Seat Belt Buckle Performance in High Energy Wheel-to-Ground Impacts 2005-01-1709
For more than 20 years, field research and laboratory testing has consistently demonstrated that wearing a seat belt dramatically reduces the risk of occupant death or serious injury in motor vehicle crashes. The injury prevention benefits of seat belts require that they remain fastened during collisions. Federal Motor Vehicle Safety Standards and SAE Recommended Practices set forth seat belt buckle performance requirements to ensure proper buckle performance in accident conditions. Numerous analytical and laboratory studies have investigated buckle inertial properties. While studies have shown that current buckle designs have inertial release thresholds well above conditions believed to occur in real-world crashes, there is limited data characterizing severe wheel to ground impacts.

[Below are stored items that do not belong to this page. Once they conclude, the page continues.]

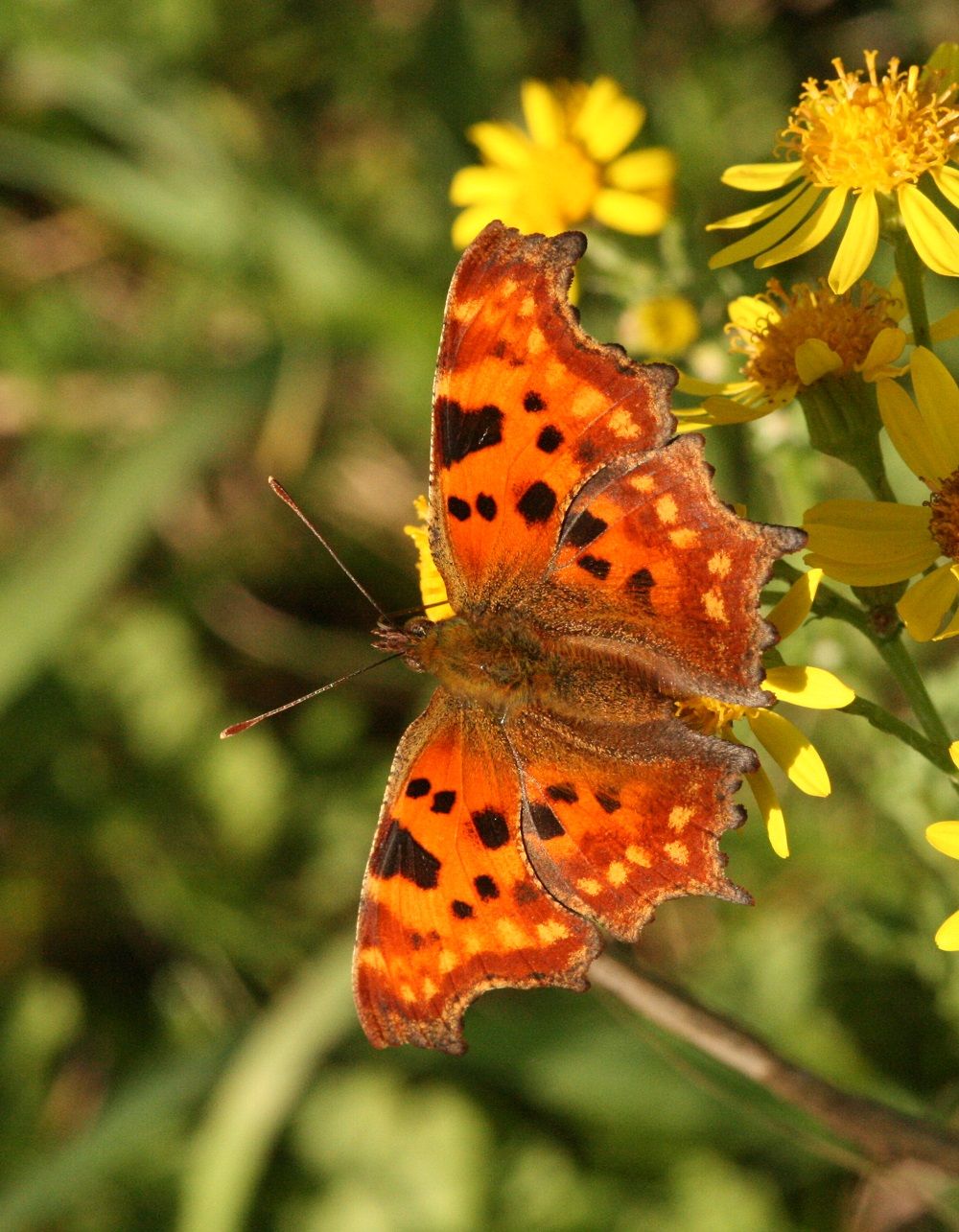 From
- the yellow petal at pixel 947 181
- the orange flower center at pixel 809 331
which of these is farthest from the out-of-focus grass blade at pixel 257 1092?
the yellow petal at pixel 947 181

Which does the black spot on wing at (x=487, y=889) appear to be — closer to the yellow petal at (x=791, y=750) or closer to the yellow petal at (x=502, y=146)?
the yellow petal at (x=791, y=750)

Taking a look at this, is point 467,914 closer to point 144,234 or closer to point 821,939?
point 821,939

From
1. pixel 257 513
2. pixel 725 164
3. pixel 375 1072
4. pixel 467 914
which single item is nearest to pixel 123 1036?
pixel 375 1072

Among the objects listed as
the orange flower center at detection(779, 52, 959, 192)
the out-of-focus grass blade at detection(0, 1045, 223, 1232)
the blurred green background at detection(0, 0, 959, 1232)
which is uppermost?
the orange flower center at detection(779, 52, 959, 192)

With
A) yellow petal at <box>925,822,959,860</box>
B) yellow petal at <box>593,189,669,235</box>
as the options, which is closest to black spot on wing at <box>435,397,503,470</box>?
yellow petal at <box>925,822,959,860</box>

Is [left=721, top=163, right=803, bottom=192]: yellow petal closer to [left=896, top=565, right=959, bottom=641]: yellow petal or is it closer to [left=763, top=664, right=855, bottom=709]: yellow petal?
[left=896, top=565, right=959, bottom=641]: yellow petal

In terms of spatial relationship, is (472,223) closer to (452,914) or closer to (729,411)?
(729,411) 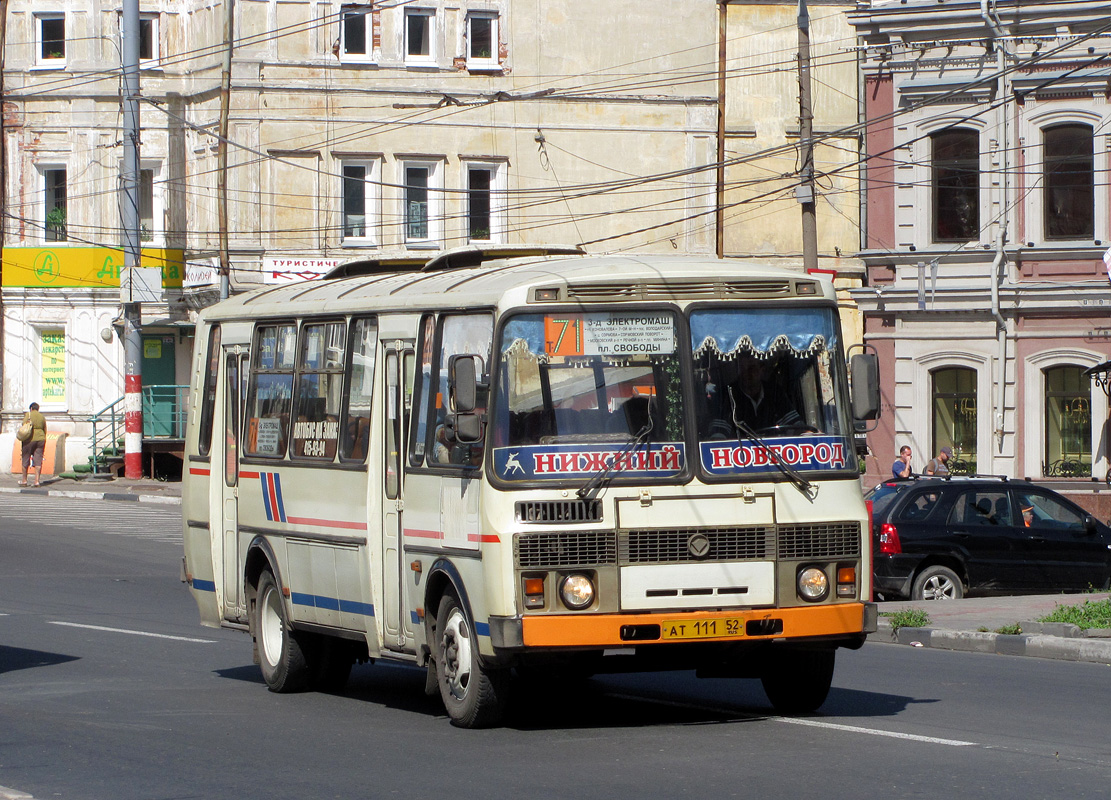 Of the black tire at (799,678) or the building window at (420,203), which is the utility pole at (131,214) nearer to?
the building window at (420,203)

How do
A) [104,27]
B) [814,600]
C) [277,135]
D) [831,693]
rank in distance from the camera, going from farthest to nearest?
[104,27]
[277,135]
[831,693]
[814,600]

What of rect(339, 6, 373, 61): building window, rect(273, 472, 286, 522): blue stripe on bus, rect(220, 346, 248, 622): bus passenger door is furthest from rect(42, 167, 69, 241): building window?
rect(273, 472, 286, 522): blue stripe on bus

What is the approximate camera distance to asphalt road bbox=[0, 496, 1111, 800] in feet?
28.3

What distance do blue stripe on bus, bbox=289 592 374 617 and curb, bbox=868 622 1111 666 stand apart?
5.85 meters

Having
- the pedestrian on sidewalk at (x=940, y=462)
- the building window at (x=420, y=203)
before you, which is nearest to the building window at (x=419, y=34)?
the building window at (x=420, y=203)

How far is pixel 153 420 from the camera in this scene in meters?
43.0

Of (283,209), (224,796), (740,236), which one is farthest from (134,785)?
(740,236)

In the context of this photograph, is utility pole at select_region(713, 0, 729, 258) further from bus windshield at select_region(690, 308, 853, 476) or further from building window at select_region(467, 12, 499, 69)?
bus windshield at select_region(690, 308, 853, 476)

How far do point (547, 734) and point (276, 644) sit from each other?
330 cm

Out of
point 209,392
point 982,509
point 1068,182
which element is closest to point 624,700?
point 209,392

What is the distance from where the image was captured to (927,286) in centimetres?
3216

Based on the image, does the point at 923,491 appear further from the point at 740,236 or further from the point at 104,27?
the point at 104,27

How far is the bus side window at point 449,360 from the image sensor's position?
1018 centimetres

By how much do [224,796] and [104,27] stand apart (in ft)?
129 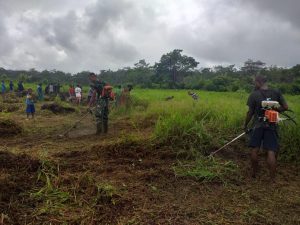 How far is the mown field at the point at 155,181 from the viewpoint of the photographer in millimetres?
3676

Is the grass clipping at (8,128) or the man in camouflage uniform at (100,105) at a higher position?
the man in camouflage uniform at (100,105)

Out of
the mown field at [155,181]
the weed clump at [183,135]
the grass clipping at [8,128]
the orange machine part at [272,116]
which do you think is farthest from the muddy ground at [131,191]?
the grass clipping at [8,128]

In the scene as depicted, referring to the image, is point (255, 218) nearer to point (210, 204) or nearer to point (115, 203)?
point (210, 204)

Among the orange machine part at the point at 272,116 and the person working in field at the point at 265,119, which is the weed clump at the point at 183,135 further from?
the orange machine part at the point at 272,116

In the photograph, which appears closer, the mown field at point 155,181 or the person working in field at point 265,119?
the mown field at point 155,181

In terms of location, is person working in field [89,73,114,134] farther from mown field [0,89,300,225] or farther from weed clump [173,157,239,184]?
weed clump [173,157,239,184]

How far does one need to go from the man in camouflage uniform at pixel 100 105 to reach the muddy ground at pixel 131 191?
7.95ft

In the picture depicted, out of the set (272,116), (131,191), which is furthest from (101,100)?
(272,116)

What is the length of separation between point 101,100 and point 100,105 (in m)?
0.13

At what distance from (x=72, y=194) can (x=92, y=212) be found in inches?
20.8

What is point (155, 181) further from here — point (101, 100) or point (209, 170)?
point (101, 100)

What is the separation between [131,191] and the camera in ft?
14.0

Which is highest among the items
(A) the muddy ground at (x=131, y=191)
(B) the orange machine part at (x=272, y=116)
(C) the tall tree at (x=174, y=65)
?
(C) the tall tree at (x=174, y=65)

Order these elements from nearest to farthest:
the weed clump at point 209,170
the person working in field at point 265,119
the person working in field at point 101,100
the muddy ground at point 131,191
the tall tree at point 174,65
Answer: the muddy ground at point 131,191
the weed clump at point 209,170
the person working in field at point 265,119
the person working in field at point 101,100
the tall tree at point 174,65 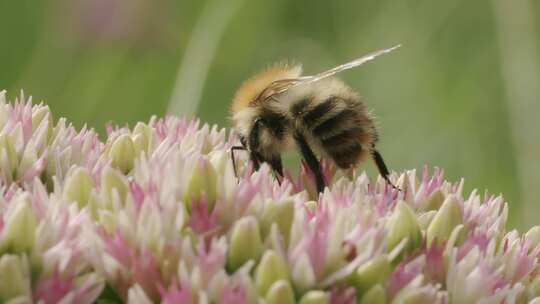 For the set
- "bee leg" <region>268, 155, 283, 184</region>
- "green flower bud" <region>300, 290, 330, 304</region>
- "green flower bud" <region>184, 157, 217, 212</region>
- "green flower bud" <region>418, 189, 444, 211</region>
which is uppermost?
"bee leg" <region>268, 155, 283, 184</region>

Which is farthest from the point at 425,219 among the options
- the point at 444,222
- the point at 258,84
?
the point at 258,84

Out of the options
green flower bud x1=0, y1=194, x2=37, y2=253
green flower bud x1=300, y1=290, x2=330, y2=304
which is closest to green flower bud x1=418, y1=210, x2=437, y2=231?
green flower bud x1=300, y1=290, x2=330, y2=304

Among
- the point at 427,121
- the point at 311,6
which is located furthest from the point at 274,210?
the point at 311,6

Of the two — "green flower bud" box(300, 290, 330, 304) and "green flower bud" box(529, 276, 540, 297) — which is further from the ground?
"green flower bud" box(300, 290, 330, 304)

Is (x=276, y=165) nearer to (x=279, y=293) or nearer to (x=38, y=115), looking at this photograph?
(x=38, y=115)

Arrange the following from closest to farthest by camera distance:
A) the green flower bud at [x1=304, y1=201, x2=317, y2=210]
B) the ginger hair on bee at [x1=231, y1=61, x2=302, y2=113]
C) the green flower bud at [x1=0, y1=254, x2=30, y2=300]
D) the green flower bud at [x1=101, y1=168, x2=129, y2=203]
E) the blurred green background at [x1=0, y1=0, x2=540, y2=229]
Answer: the green flower bud at [x1=0, y1=254, x2=30, y2=300] → the green flower bud at [x1=101, y1=168, x2=129, y2=203] → the green flower bud at [x1=304, y1=201, x2=317, y2=210] → the ginger hair on bee at [x1=231, y1=61, x2=302, y2=113] → the blurred green background at [x1=0, y1=0, x2=540, y2=229]

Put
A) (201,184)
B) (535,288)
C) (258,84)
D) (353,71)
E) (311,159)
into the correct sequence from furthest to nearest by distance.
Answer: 1. (353,71)
2. (258,84)
3. (311,159)
4. (535,288)
5. (201,184)

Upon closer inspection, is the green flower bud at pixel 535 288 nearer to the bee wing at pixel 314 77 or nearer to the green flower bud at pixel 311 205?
the green flower bud at pixel 311 205

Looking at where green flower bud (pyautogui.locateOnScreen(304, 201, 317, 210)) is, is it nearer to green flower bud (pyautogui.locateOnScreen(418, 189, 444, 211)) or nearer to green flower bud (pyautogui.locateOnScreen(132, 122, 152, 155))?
green flower bud (pyautogui.locateOnScreen(418, 189, 444, 211)) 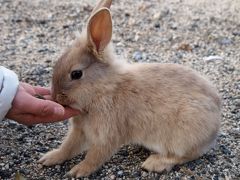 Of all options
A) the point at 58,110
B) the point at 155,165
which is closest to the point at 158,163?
the point at 155,165

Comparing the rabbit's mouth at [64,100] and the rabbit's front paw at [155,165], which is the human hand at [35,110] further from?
the rabbit's front paw at [155,165]

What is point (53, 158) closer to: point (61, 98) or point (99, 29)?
point (61, 98)

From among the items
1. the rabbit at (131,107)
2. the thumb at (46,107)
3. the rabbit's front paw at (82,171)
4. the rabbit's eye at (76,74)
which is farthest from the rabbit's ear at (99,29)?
the rabbit's front paw at (82,171)

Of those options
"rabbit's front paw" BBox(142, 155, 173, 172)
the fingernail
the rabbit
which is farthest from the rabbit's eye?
"rabbit's front paw" BBox(142, 155, 173, 172)

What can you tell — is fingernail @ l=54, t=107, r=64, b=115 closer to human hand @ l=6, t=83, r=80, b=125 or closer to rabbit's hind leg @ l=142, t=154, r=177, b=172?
human hand @ l=6, t=83, r=80, b=125

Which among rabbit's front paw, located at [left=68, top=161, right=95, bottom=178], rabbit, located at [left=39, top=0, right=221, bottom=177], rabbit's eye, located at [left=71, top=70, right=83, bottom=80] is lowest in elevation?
rabbit's front paw, located at [left=68, top=161, right=95, bottom=178]

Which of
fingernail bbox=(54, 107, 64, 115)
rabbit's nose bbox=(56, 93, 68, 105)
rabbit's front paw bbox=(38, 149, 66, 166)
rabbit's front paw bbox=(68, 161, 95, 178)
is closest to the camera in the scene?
fingernail bbox=(54, 107, 64, 115)
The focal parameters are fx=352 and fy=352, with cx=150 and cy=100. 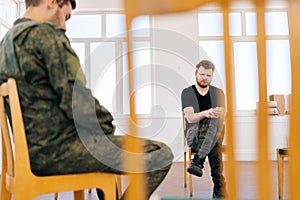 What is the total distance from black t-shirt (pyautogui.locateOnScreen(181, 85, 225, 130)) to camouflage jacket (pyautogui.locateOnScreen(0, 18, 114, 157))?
1994 millimetres

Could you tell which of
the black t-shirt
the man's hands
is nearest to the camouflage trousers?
the man's hands

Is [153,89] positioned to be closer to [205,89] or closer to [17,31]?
[205,89]

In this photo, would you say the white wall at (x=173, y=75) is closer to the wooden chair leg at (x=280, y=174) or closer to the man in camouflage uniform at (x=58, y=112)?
the wooden chair leg at (x=280, y=174)

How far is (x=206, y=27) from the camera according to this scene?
624cm

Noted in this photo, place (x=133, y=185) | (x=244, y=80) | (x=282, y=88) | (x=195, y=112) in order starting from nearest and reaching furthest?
(x=133, y=185) < (x=195, y=112) < (x=244, y=80) < (x=282, y=88)

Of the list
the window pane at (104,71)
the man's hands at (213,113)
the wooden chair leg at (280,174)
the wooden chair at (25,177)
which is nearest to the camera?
the wooden chair at (25,177)

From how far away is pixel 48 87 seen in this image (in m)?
1.23

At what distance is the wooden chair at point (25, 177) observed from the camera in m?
1.19

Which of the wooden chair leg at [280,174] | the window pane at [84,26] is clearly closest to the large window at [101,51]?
the window pane at [84,26]

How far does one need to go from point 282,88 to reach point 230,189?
18.5 feet

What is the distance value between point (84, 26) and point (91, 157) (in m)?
5.32

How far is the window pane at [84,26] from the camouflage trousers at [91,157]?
5.12m

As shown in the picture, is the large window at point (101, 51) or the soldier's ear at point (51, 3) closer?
the soldier's ear at point (51, 3)

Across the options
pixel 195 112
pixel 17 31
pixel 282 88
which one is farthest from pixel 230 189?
pixel 282 88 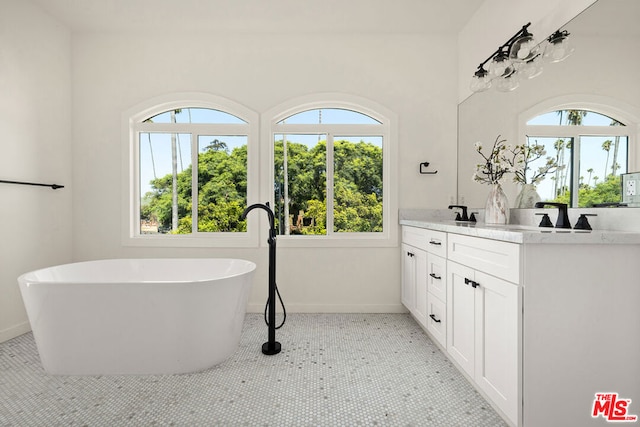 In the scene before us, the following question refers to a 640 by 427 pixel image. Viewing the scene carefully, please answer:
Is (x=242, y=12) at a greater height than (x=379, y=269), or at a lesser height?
greater

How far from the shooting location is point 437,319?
83.6 inches

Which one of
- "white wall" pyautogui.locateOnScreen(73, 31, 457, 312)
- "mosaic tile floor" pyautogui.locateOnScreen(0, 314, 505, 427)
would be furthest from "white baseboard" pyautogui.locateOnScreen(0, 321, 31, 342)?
"white wall" pyautogui.locateOnScreen(73, 31, 457, 312)

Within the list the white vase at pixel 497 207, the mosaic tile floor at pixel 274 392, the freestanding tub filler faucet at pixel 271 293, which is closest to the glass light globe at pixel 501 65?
the white vase at pixel 497 207

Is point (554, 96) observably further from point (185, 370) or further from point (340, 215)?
point (185, 370)

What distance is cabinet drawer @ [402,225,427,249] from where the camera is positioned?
2.41m

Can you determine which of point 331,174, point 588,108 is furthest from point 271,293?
point 588,108

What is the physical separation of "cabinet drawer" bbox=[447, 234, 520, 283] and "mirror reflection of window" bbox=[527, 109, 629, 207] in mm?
629

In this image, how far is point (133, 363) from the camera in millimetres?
1798

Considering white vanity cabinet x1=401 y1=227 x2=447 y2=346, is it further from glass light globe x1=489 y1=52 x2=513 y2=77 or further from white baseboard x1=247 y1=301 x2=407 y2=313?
glass light globe x1=489 y1=52 x2=513 y2=77

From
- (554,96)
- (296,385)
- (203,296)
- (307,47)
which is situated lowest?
(296,385)

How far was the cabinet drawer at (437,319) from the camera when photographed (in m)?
2.01

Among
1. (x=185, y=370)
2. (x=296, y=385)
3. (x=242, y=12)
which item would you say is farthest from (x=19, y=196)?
(x=296, y=385)

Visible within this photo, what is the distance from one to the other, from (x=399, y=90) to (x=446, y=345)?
223 centimetres

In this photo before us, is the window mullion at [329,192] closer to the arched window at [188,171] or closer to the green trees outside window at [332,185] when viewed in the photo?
the green trees outside window at [332,185]
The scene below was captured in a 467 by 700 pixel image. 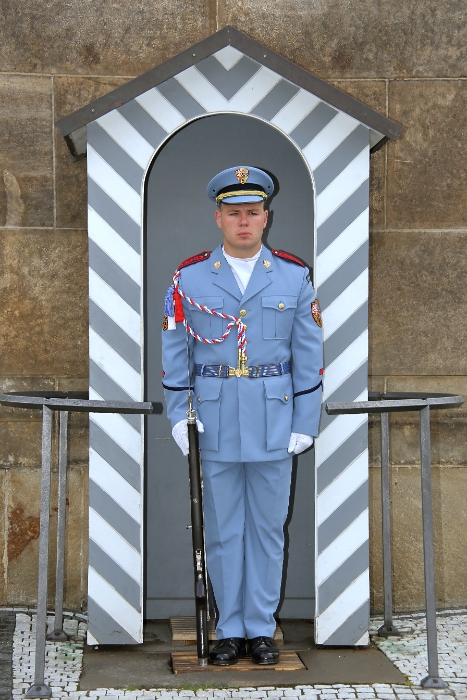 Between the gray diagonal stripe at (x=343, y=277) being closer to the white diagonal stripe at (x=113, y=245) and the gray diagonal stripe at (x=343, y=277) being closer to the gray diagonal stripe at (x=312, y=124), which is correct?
the gray diagonal stripe at (x=312, y=124)

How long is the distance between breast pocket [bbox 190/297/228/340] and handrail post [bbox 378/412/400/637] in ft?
3.08

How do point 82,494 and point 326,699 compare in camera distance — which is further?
point 82,494

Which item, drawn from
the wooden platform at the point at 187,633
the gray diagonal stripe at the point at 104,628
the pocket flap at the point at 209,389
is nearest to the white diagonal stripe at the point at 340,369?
the pocket flap at the point at 209,389

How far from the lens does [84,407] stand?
128 inches

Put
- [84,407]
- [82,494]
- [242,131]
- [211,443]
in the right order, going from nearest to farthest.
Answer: [84,407] < [211,443] < [242,131] < [82,494]

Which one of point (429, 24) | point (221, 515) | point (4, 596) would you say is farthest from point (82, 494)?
point (429, 24)

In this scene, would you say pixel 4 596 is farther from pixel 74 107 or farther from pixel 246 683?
pixel 74 107

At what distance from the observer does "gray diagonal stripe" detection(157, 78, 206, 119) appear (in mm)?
3797

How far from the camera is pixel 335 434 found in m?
3.90

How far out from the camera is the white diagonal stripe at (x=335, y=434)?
390cm

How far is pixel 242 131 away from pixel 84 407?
5.43 ft

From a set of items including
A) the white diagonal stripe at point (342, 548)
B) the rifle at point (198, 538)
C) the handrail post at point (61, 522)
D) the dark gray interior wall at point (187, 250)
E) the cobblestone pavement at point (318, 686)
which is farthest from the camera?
the dark gray interior wall at point (187, 250)

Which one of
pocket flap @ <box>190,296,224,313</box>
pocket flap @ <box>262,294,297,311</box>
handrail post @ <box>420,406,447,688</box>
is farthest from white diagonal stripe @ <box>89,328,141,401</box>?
handrail post @ <box>420,406,447,688</box>

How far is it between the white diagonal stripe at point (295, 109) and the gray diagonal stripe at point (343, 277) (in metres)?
0.60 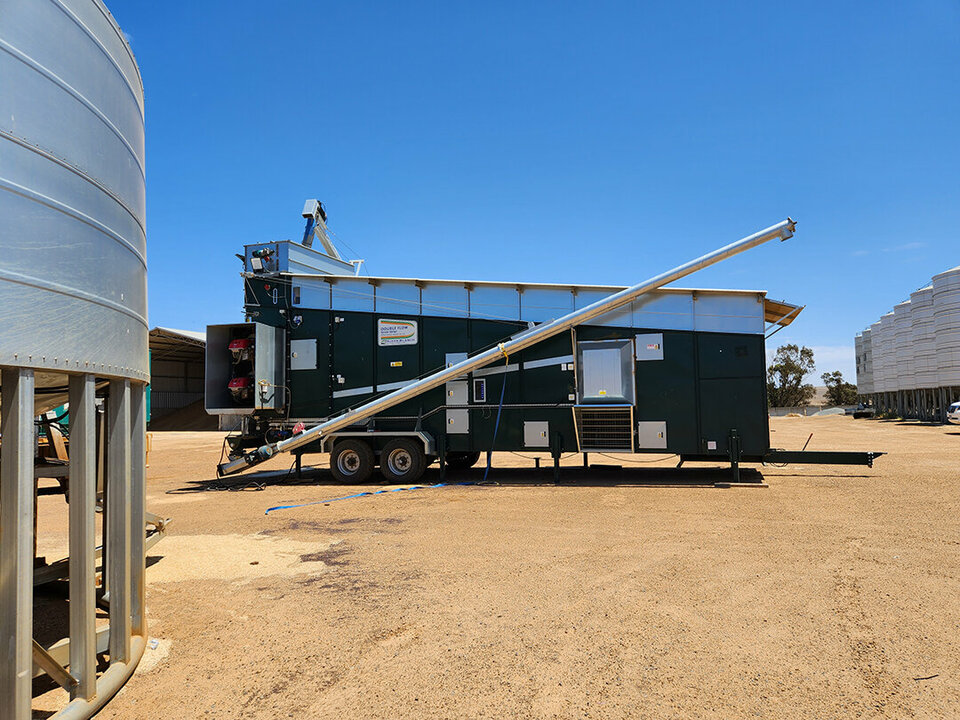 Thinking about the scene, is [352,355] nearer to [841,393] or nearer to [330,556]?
[330,556]

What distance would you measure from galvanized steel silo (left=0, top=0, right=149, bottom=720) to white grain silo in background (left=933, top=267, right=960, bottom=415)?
4123 cm

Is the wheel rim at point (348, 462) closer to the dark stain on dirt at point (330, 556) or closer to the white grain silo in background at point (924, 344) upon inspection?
the dark stain on dirt at point (330, 556)

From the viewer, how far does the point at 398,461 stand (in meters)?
12.8

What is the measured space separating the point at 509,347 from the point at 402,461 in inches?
129

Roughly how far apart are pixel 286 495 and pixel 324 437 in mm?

This study investigates seat belt buckle responses to severe wheel to ground impacts. This is accomplished through the analysis of accelerations during full vehicle drop tests. Amplification of the amount necessary for seat belt buckle inertial release did not occur. These tests also confirm that the magnitudes and durations of the accelerations recorded at the buckle were well below those necessary for inertial release. While no simulation can replicate all field crash scenarios, the acceleration analyses can provide engineers with an effective diagnostic tool for assessing seat buckle performance in realistic high energy crash scenarios.